Generally speaking, you won't have to do a lot of that for most applications. For example, many applications may have auxiliary data files stored the user's Application Support directory, but as long as the names of those files are ASCII, and you use standard Mac OS X APIs to locate the user's Application Support directory, you don't need to do a bunch of paranoid conversion of a path constructed with those two components.
Edited to add: I would strongly caution against arbitrarily converting everything to UTF-8 using something like wcstombs because filesystem encoding is not necessarily identical to the generated UTF-8. Mac OS X and Windows both use specific (but different) canonical decomposition rules for the encoding used in filesystem paths.
For example, they need to decide whether "é" will be stored as one or two code units (either LATIN SMALL LETTER E WITH ACUTE or LATIN SMALL LETTER E followed by COMBINING ACUTE ACCENT). These will result in two different — and different-length — byte sequences, and both Mac OS X and Windows work to avoid putting multiple files with the same name (as the user perceives them) in the same directory.
The rules for how to perform this canonical decomposition can get pretty hairy, so rather than try to implement it yourself it's best to leave it to the functions the system frameworks have provided for you to do the heavy lifting.
#JKP:
Not all functions in MacOS X accept UTF8, but filenames and filepaths may be UTF8, thus all POSIX functions dealing with file access (open, fopen, stat, etc.) accept UTF8.
See here. Quote:
How a file name looks at the API level
depends on the API. Current Carbon
APIs handle file names as an array of
UTF-16 characters; POSIX ones handle
them as an array of UTF-8, which is
why UTF-8 works well in Terminal. How
it's stored on disk depends on the
disk format; HFS+ uses UTF-16, but
that's not important in most cases.
Some other POSIX functions handle UTF8 as well. E.g. functions dealing with user names, group names or user passwords use UTF8 to store the information (thus a user name can be Japanese and your password can be Chinese, no problem).
But not all handle UTF8. E.g. for all string functions an UTF8 string is just a normal C String and characters above 126 have no special meaning. They don't understand the concept of multiple bytes (chars in C) forming a single Unicode character. How other APIs handle char * pointer being passed to them is different from API to API. However, as a rule as the thumb you can say:
Either the function only accepts C strings with pure ASCII characters (only in the range 0 to 126) or it will accept UTF8. Usually functions don't allow characters above 126 and interpret them in any other encoding than UTF8. If this really was the case, it is documented and then there must be a way to pass the encoding along with the string.
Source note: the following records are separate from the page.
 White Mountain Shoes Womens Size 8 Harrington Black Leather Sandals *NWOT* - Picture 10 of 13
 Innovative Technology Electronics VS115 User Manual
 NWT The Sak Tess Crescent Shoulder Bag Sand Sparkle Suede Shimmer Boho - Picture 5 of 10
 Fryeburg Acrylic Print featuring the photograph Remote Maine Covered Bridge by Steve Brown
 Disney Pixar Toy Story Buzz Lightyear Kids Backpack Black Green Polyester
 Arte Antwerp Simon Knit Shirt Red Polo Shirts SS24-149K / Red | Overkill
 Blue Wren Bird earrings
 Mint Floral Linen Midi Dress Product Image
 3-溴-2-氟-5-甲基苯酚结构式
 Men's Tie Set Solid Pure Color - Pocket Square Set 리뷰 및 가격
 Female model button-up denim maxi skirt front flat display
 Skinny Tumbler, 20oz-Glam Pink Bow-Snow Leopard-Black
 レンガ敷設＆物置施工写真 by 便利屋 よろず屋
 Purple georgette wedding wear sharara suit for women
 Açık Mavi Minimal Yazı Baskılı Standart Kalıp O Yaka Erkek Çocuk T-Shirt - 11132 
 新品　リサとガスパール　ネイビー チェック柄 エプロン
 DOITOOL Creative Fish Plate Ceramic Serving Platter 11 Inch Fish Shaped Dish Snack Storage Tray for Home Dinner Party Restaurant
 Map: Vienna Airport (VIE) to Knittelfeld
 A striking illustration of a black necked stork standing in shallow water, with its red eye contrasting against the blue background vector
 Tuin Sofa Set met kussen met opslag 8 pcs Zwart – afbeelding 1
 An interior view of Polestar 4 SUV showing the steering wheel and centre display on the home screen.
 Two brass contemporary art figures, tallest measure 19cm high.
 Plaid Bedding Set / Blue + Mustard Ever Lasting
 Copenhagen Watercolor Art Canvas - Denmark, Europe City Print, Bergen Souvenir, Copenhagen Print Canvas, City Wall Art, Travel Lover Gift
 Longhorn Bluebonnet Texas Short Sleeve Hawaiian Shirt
If you're using Cocoa it's fairly easy with NSString. Just load the UTF16 data in using -initWithBytes:length:encoding: (or perhaps -initWithCString:encoding:) and then get a UTF8 version by calling UTF8String on the result. Then, just call fopen with your new UTF8 string as the param.
You can definitely call fopen with a UTF-8 string, regardless of language - can't help with C++ on OSX though - sorry.
I have read file name from configuration UTF8 file through wifstream (it uses wchar_t buffer).
Mac implementation is different from Linux and Windows.
wifstream reads each byte from file to separate wchar_t cell in the buffer. So we have 3 empty bytes, although open requires char string. Thus programmer can use wcstombs function to convert wide character string to multi-byte string.
The API supports UTF8. For better understanding use memory watcher and hex editor for your file.